The Ryugu Asteroid's Water Drop is a popular attraction that provides claims to the origins of life on Earth

The Ryugu Asteroid's Water Drop is a popular attraction that provides claims to the origins of life  ...

Specks of dust collected by a Japanese space probe from an asteroid 300 million kilometres from Earth have discovered a surprising component: a drop of water, according to experts. The discovery provides new support for the theory that life on Earth was seeded from outer space.

The findings are in the most recent research to be published following an analysis of 5.4 grams of rocks and dust collected by the Hayabusa-2 probe from the asteroid Ryugu.

"This drop of water has a real meaning," scientist Tomoki Nakamura of Tohoku University told reporters before of the research''s publication in the journal Science on Friday.

"Many scientists believe that water was brought from outer space, but we actually discovered water in Ryugu, an asteroid near Earth, for the first time."

F, who was sent to Earth two years ago, to remove a capsule containing the sample.

The precious cargo has already provided a lot of insight, including organic material that indicated that some of Earth''s key elements, including amino acids, might have been formed in space.

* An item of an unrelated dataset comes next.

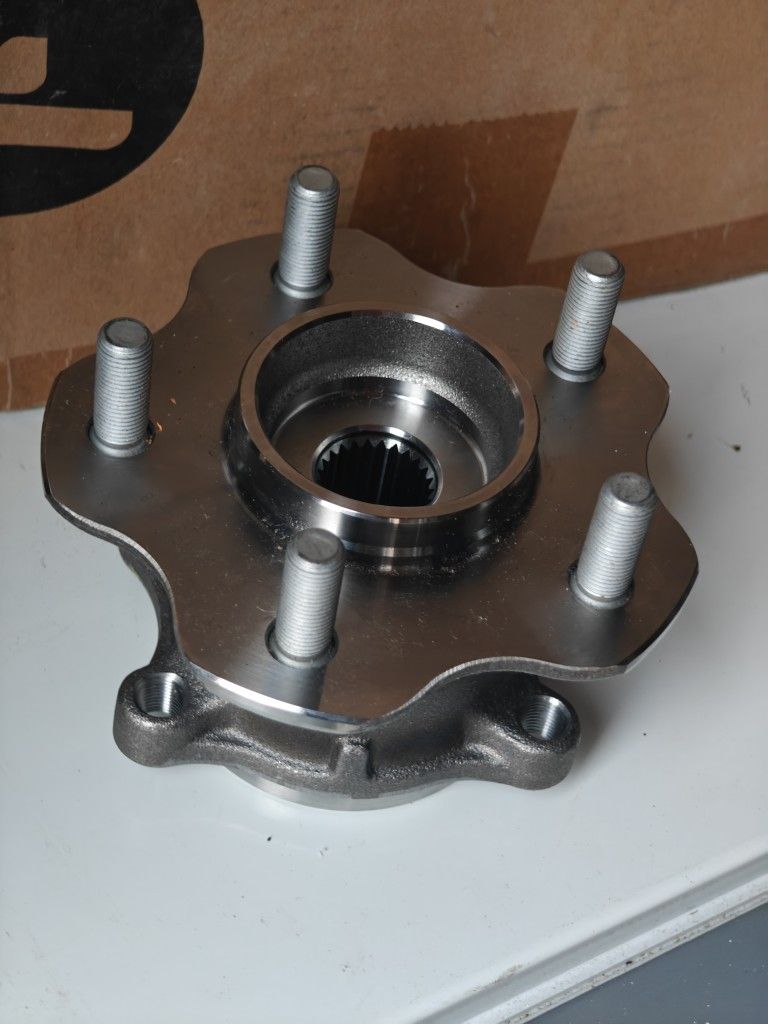 Front Wheel Hub Bearing For 2010 Nissan Rougue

  • Asteroid Ryugu Sample Has Dust Grains Older Than Our Solar System

According to the study published Friday, the team found a drop of fluid in the Ryugu sample "which was carbonated water containing salt and organic matter." Nakamura said the group''s findings.

According to Nakamura, asteroids like Ryugu, or its larger parent asteroid, may have "provided water, which contains salt and organic matter" in collisions with Earth.

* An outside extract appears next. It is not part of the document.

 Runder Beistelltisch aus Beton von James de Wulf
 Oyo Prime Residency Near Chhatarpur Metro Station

"We have discovered evidence that this (process) might have been directly related to, for example, the origin of the oceans or organic matter on Earth."

Nakamura''s team, which includes 150 researchers from the United States, Britain, France, Italy, and China, is among the largest teams conducting an analysis of Ryugu''s sample.

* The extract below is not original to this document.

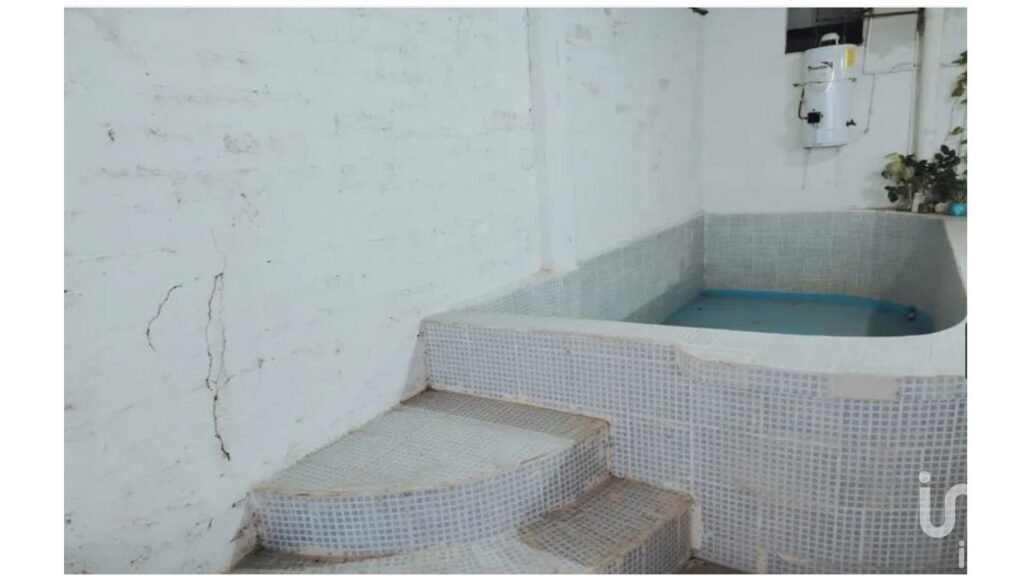 CASA EN VENTA CON LOCALES COMERCIALES PUERTO VALLARTA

To increase the chances of new discoveries, the sample has been divided into different scientific teams.

Kensei Kobayashi, an astrobiology expert and professor emeritus at the Yokohama National University who isn''t part of the research group, was praised for the discovery.

Given its fragility and the possibility of it being destroyed in outer space, he told AFP. "The fact that water was discovered in the sample itself is shocking."

"It does suggest that the asteroid contained water - in the form of fluid and not just ice - and organic matter might have been generated in that water."